Raven Altar Cauldron

From The Spellware Collection™ of Ritual Art and Artifacts for Home, Office, and Altar: Enchanted Pottery from Cypress Moon. Each carefully hand-crafted cauldron is an original work of art (not a mass-produced import) and features a sacred motif. Excellent for home decor and ritual work, this multi-functional altar cauldron can hold a tea light, votive, pillar candle, herbs, stones, jewelry, and/or other small sacred objects.
  • Details

    Raven:Folklore tells us that Raven is a trickster, a protector, a teacher, and a bringer of great magick. Some may associate Raven with death, war, and evil, while others see Raven as a bird of wisdom and good omens. The Raven is considered one of the oldest and wisest of animals, with a high level of intelligence, flexibility, and adaptability. Since Ravens can be taught to speak and have such a complex vocabulary of their own, they are connected symbolically to both wisdom and prophecy. This speaking ability leads into the legend of Ravens being oracles, harbingers of powerful secrets, and messengers communicating deep mysteries.

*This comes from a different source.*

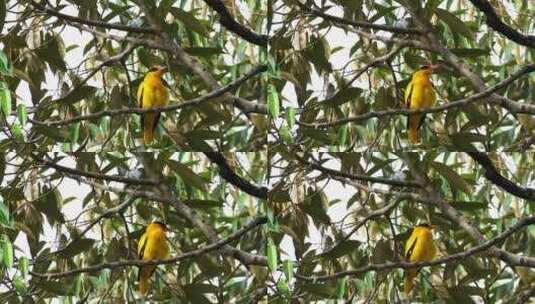 热带树上的一只明亮的鸟高清在线视频素材下载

In Celtic animal symbolism it is a bird closely connected with battle and the Celtic Goddess Morrigan, who was a remarkable prophetess. "To have a raven's knowledge" is an Irish proverb meaning to have a seer's supernatural powers. Scottish Highlanders associate ravens with the second sight. Raven symbolism of wisdom and knowledge-keeping is connected with the Welsh hero Bran the Blessed, whose name means Raven. Bran was the holder of ancestral memories, and his wisdom was legendary, so much so that he had his head (the vessel of his powerful wisdom) removed and interred in the sacred White Mount in London. Ravens are still roosting there (in the Tower of London), and they are thought to keep Bran's wisdom protected and alive by their presence. The raven is symbolic of mind, thought, and wisdom according to Norse legend. Odin (also known as the Raven God) was accompanied by two ravens: Hugin, who represented the power of thought and active search for information, and Mugin, who represented the mind and its ability to intuit meaning rather than hunt for it.